A University of Nebraska–Lincoln project studying several cover crop mixes and 16 individual species and their impact on soil quality variables has received a $153,026 grant from the Nebraska Environmental Trust.
The project is led by Suat Irmak, Harold W. Eberhard Distinguished Professor.
Cover cropping in row crops has been suggested as a favorable conservation practice in improving soil chemical and physical characteristics. However, the magnitude of the impacts of cover crops on soil-water dynamics (i.e., soil-water storage) and soil quality (including hydraulic properties) can exhibit significant variation between the counties; cover crop species; soil textural; chemical and physical properties; management practices and climatic conditions. Furthermore, these impacts can vary when the cover crops are planted with individual species compared to mixed forms, Irmak said.

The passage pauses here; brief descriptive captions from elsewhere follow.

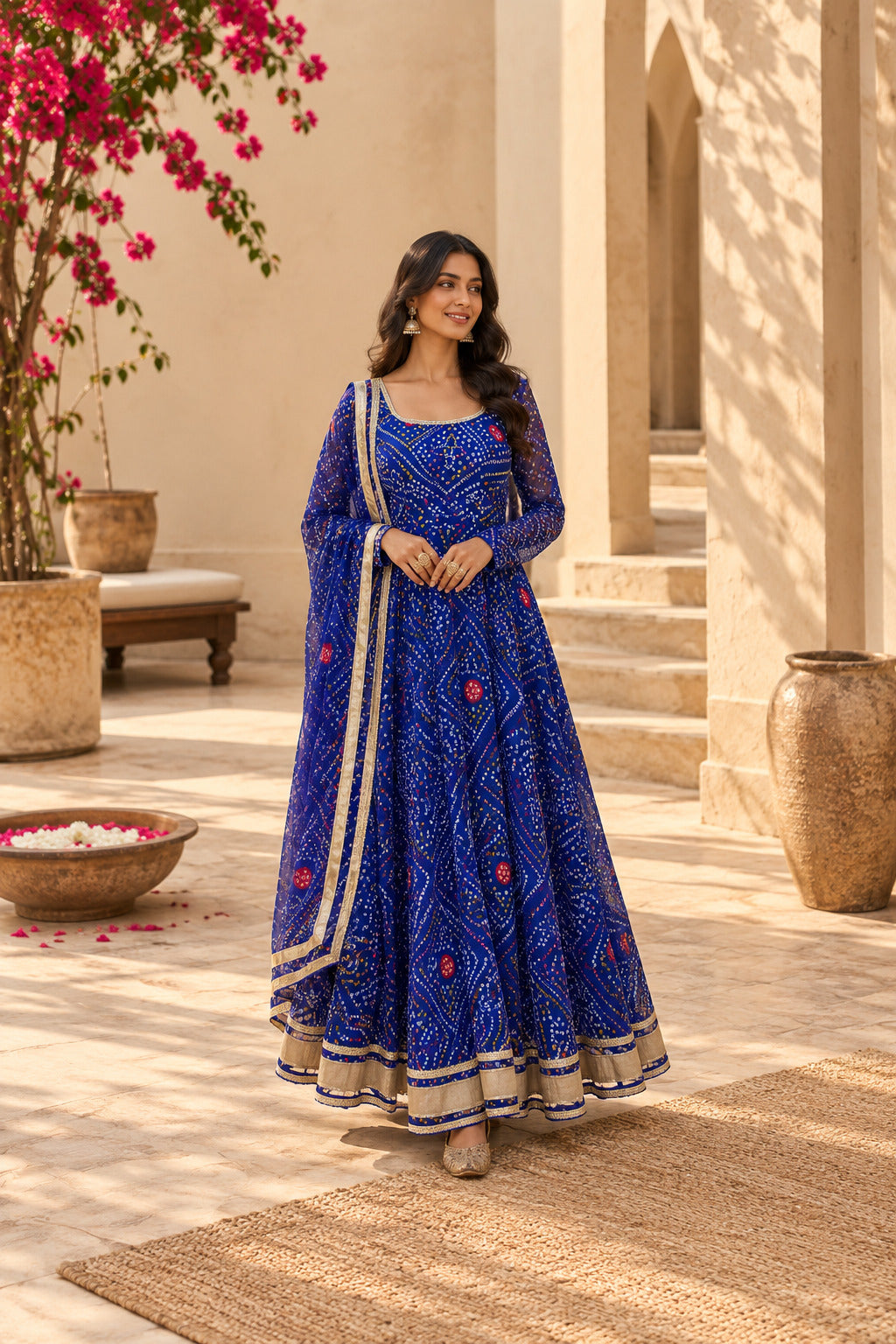 KIRAN BLUE BANDHEJ ANARKALI SET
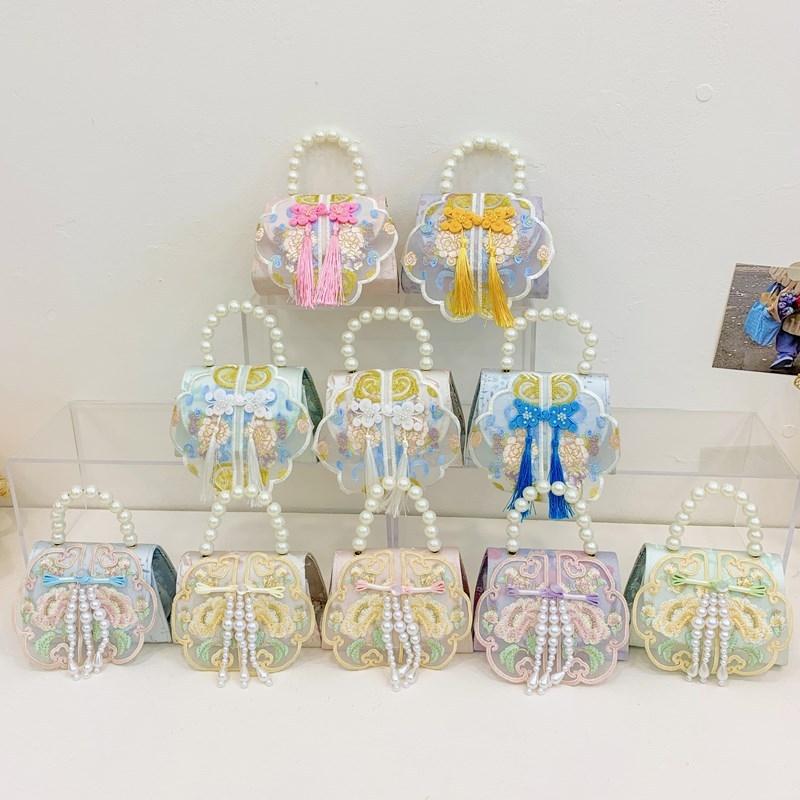 Κοριτσίστικη κεντημένη τσάντα ώμου με φούντα από πέρλες, αλυσίδα ιμάντας για crossbody, πολυεστερική επένδυση, κατάλληλη για νηπιαγωγείο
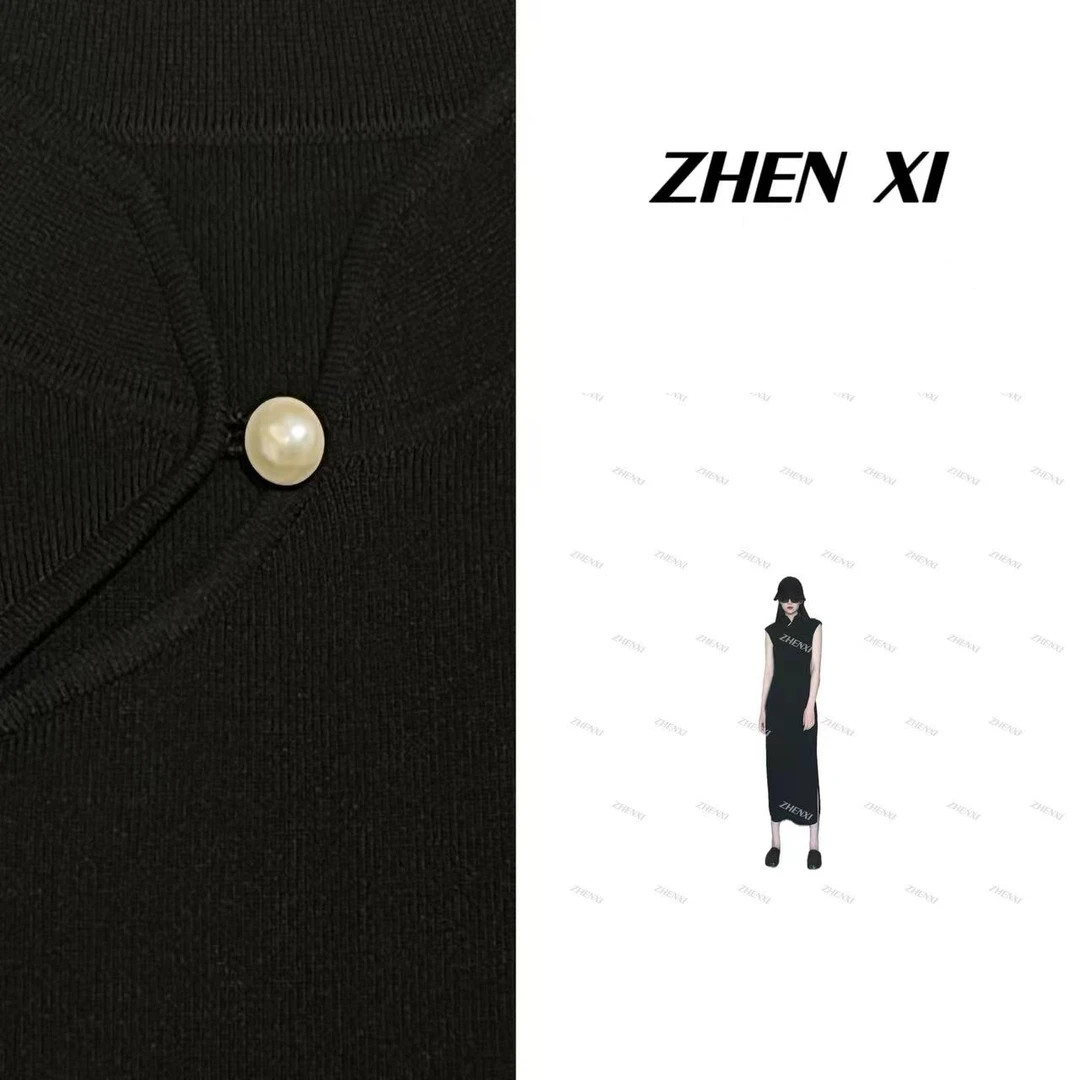 针西【点珠裙】国风连衣裙时尚百搭气质高个子穿搭S70078(×退×换)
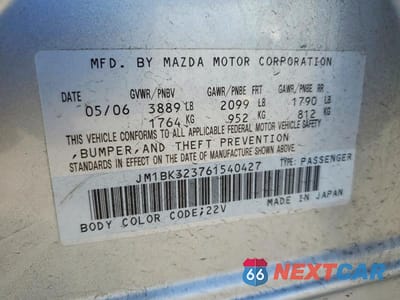 Zdjęcie 12 z 12 samochodu: 2006 MAZDA 3 S VIN:JM1BK323761540427 - miniatura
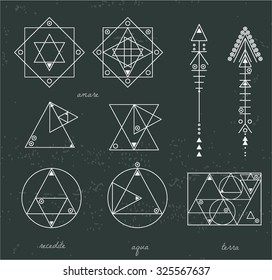 Set of geometric shapes and arrows. Trendy hipster icons and logotypes. Religion, philosophy, spirituality, occultism symbols collection. isolated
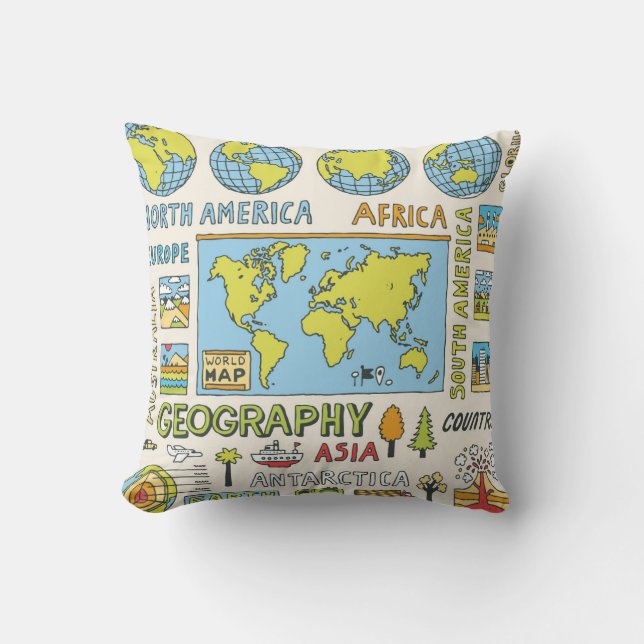 Hand Drawn Vintage Geography Illustration Throw Pillow (Front)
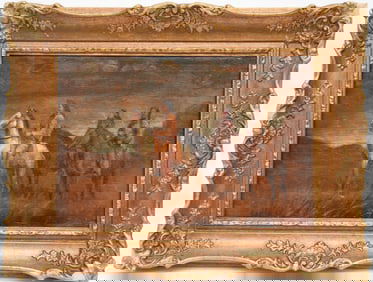 American School Antique Indian Scouting Party, oil on panel painting size 8-1/2 x 13inches. Overall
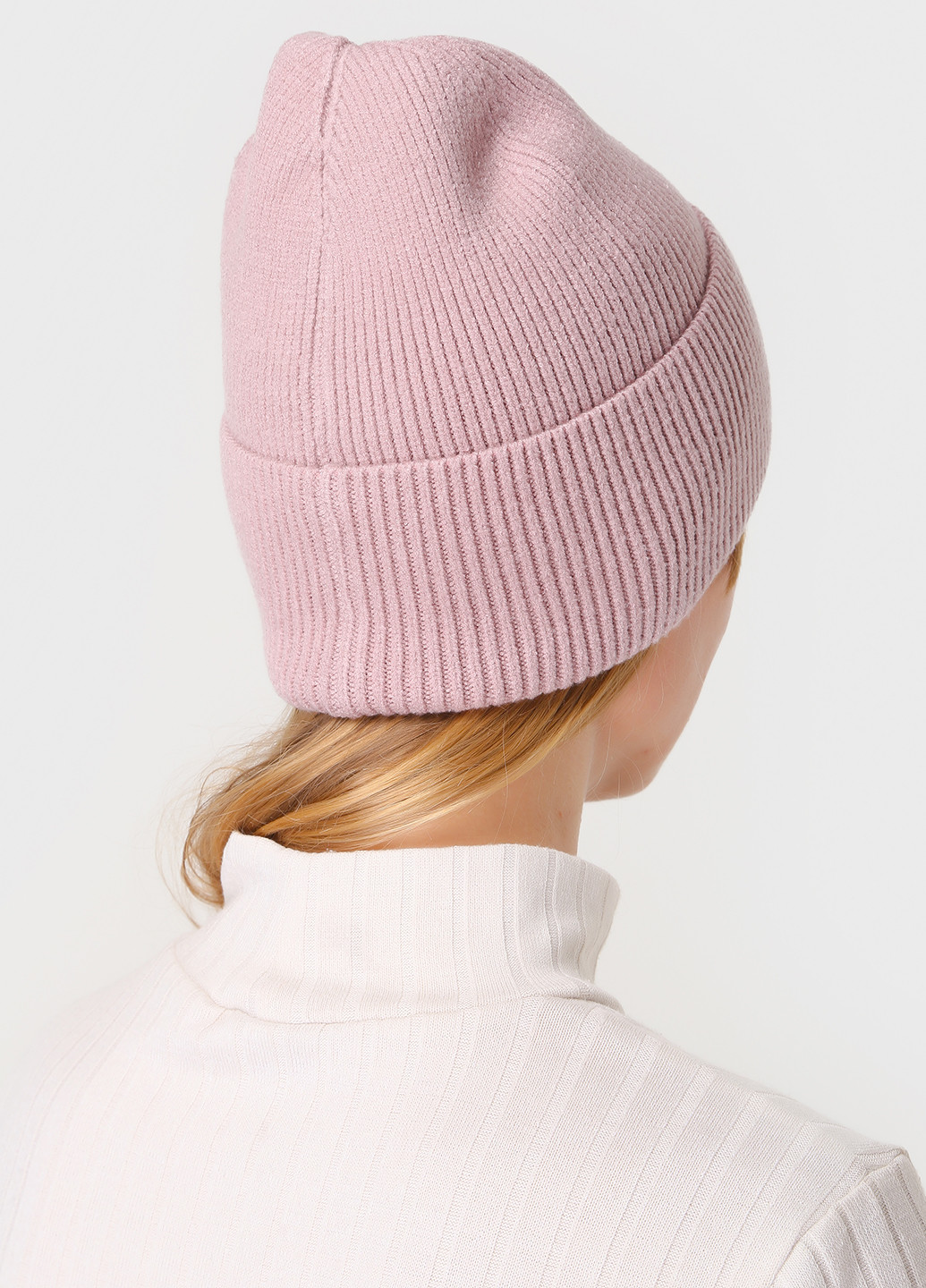 Тепла зимова кашемірова жіноча шапка з відворотом без підкладки 500021 DeMari (244712935)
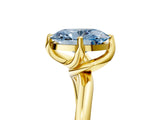Yellow gold Fancy Blue Oval Cut Diamond Solitaire Engagement Ring with Four-Prong Setting and Classic Band_25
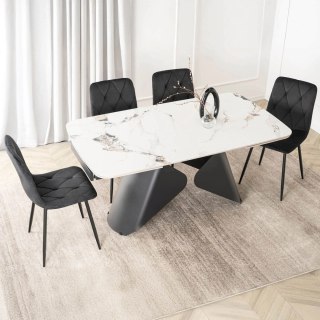 Stół VERONA Ceramiczny Rozkładany 160-240 cm Biały Marmur/Czarny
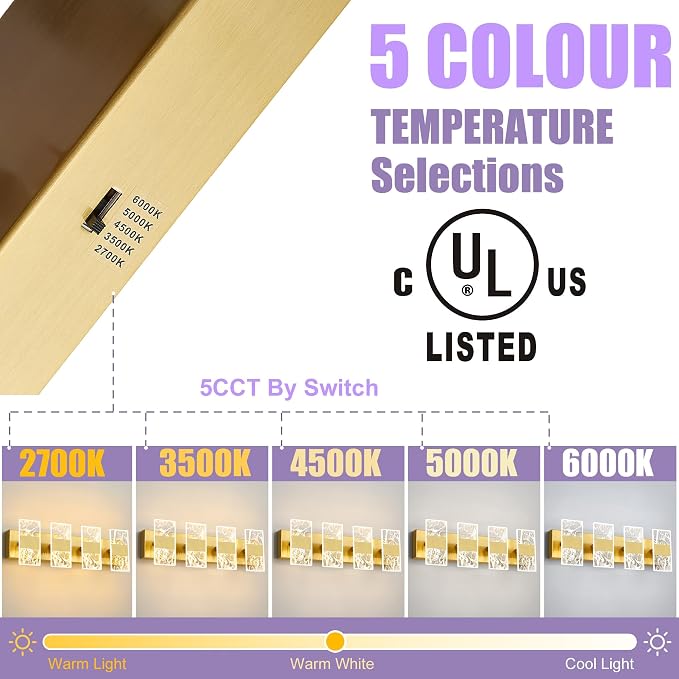 Modern LED Bathroom Light Fixtures Dimmable 4-Light Gold Vanity Light, 5CCT - Image 3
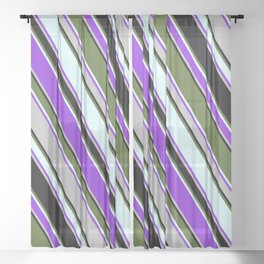 [ Thumbnail: Colorful Dark Olive Green, Light Cyan, Purple, Grey, and Black Colored Lined/Striped Pattern Sheer Curtain ]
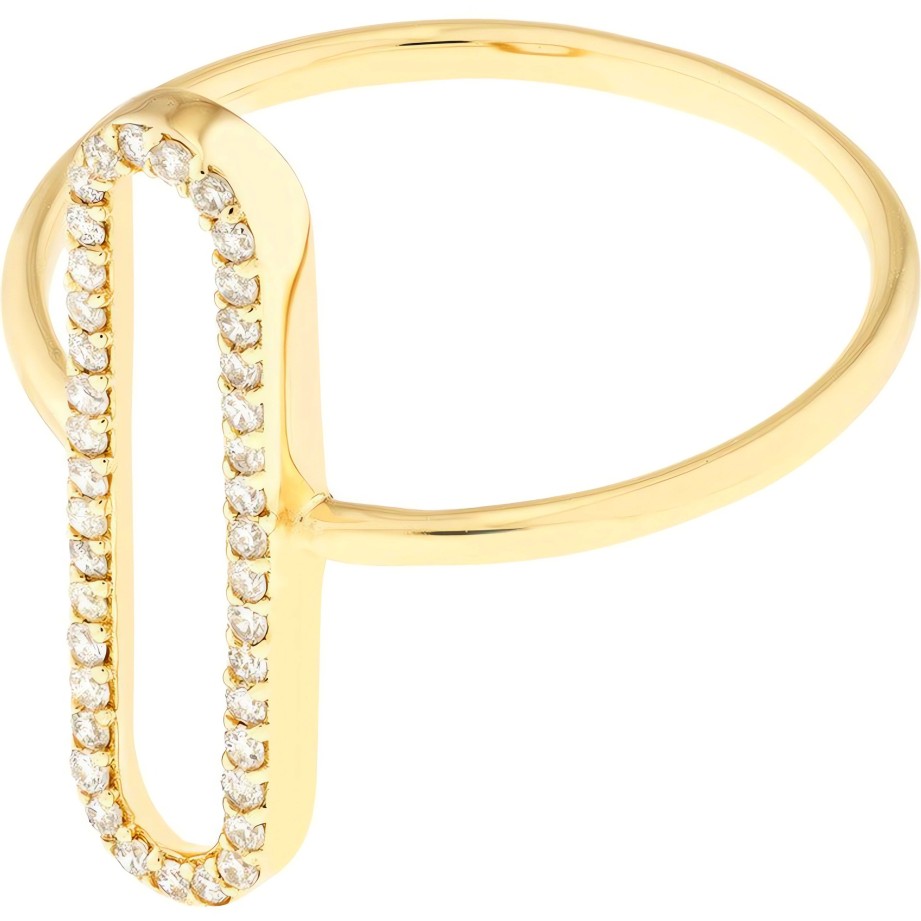 Rings Ritani | 14Kt Gold 0.02 Ctw Diamond Paper Clip Frame Ring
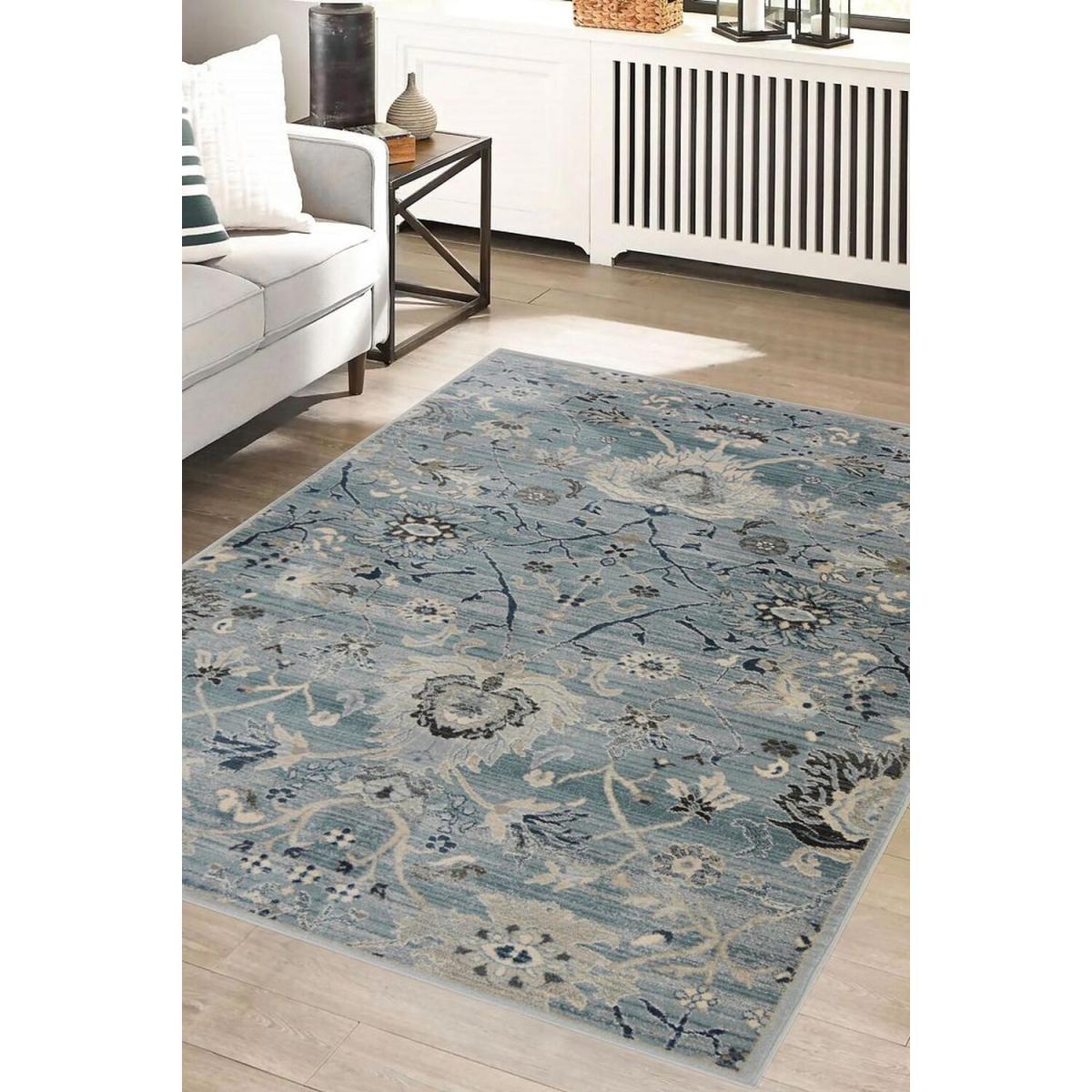 Blue Damask Floral Living Room Rug - Tartan - Blue – image 2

In Nebraska, Irmak said, there is a significant lack of information and scientific and research-based data related to the practice of cover cropping, which is an impediment to its adoption and hampers efforts to accurately determine the impacts of individual and mixed cover crops species on soil-water and soil quality, as well as soil hydraulic properties. Quantification of cover crop water use can also aid in local and regional water-balance analyses, projections, planning and allocations that can result in more robust water balance determinations on a statewide and regional basis, but these kinds of data and information do not currently exist. This project will quantify and demonstrate the water use in all 93 counties and impact of individual and mixed cover crops species on soil quality parameters in corn-cover crop/soybean-cover crop rotations.
The project is one of 118 receiving an NET grant this year – altogether, the awards total $20 million. Of these, 73 were new applications and 45 are carry-over projects.
The Nebraska Legislature created the NET in 1992. Using revenue from the Nebraska Lottery, the trust has provided more than $328 million in grants to more than 2,300 projects across the state. Anyone – citizens, organizations, communities, farmers and businesses – can apply for funding to protect habitat, improve water quality and establish recycling programs in Nebraska. The NET works to preserve, protect and restore the state’s natural resources for future generations.